As for the participation rates by students from different income backgrounds, it is interesting to note other testimony before the senate committee from Statistics Canada analyst Marc Frenette. Students from higher income families are significantly more likely to attend post-secondary educational institutions (university or college) than those from lower income families.
That’s interesting because it corresponds exactly to the conclusion of a study into a free tuition program the Irish government established in 1996. SRBP previously quoted Kevin Denny of the Institute for Fiscal Studies, who concluded that the “only obvious effect of the policy was to provide a windfall gain to middle-class parents who no longer had to pay fees.” Another factor that Denny noted as an influence on post-secondary participation - and achievement at the university and college level - was educational achievement in secondary schools.
As a last point, let’s note the extent of the Newfoundland and Labrador tuition subsidy both in absolute terms and in relative ones. Students attending Memorial University today are paying roughly the same as students when the tuition freeze started more than a decade ago. The impact of inflation has functionally reduced the cost of education to them today to about half of what it was initially, in real terms. Thus, frozen tuition is delivering an even greater relative impact to current students compared to former ones and that’s without considering the different economic situation in the country today versus a decade or so ago.
Subsidizing Other Provinces
To give a sense of how big the subsidy is and who is benefitting, consider these 2009 calculations that came from one reader, based on information in a 2009 Telegram article. SRBP has updated them to current figures.
Memorial University subsidized tuition is available to all Canadian students. The number of students at MUN from Nova Scotia grew by more than 1,000% between 1997 and 2009. Macleans.ca reported that in 2010, MUN hosted 2.342 students from across Canada compared to a mere 137 in 1997.
Memorial University’s current Canadian tuition is $2,550 for two semesters. According to the 2009 information that represents about 20 to 25% of the actual cost of delivering the student’s education. That puts the actual cost between $10,200 (25%) and $12,750 (20%). If we take the subsidy at the 25% level, that means that Newfoundland and Labrador taxpayers are spending about $18 million a year so that out-of-province students can receive a cheap education. Nova Scotians are the largest single group of out-of-province students at Memorial.

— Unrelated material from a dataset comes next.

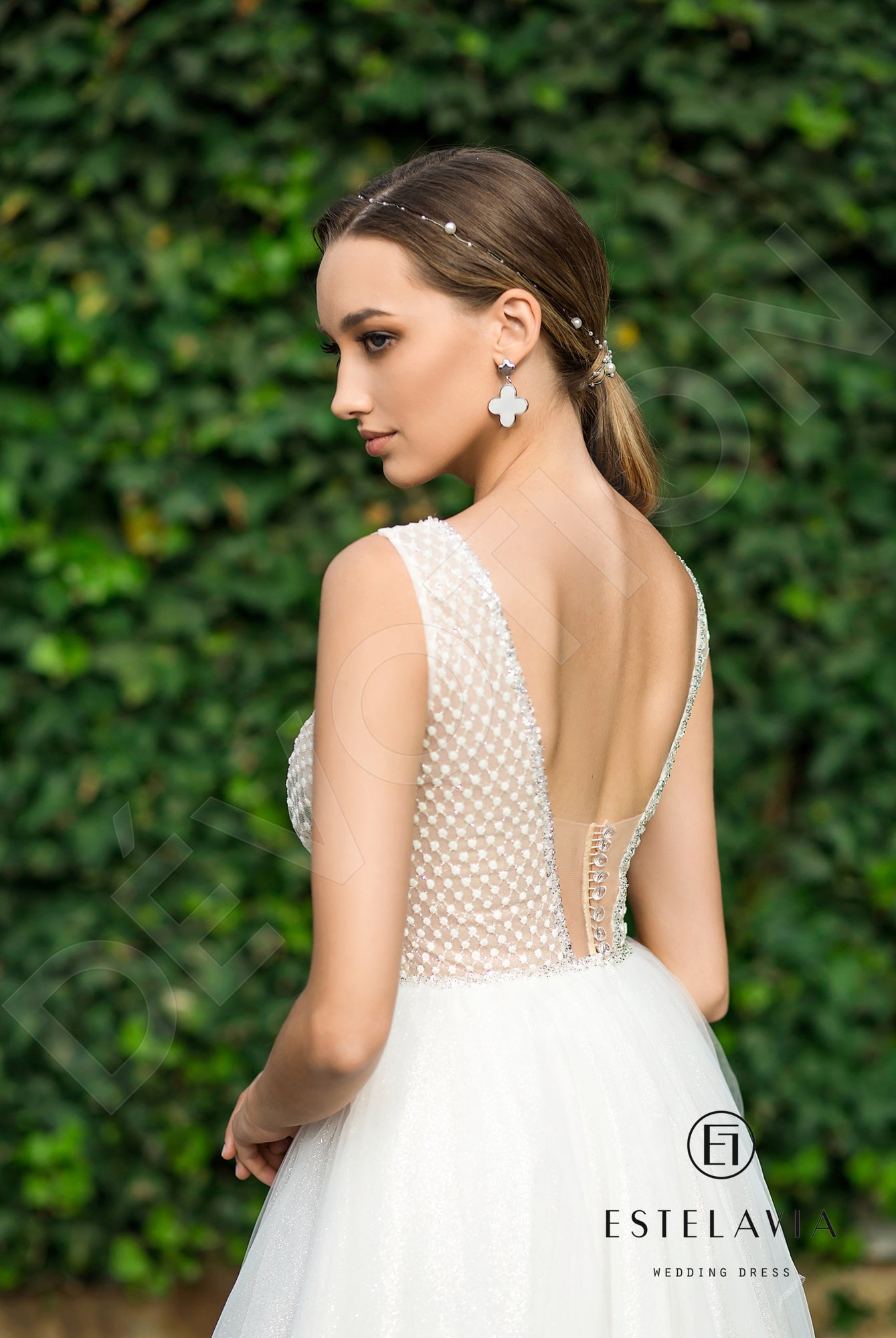 Cosmina Open back A-line Sleeveless Wedding Dress 3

The next step will be to look at the policy implications of all this for Newfoundland and Labrador. It’s pretty clear from the information in this post, though, that, as the senate committee concluded, there is no evidence to believe decreasing tuition fees would increase university participation especially among low and fixed income individuals. What’s more, if we look at other evidence, there’s no reason to believe that higher tuition fees would - in and of themselves - reduce participation at universities generally or even among students from low and fixed income families. That concisely demolishes one of the main claims by proponents of frozen or free tuition.
What’s more, the available evidence indicates that participation rates for low and fixed income individuals are influenced by factors other than tuition. Academic achievement in grade schools has a greater influence than tuition fees in not only whether individuals will go to university or college in the first place (participation) but also how well they perform or whether they will complete a given program.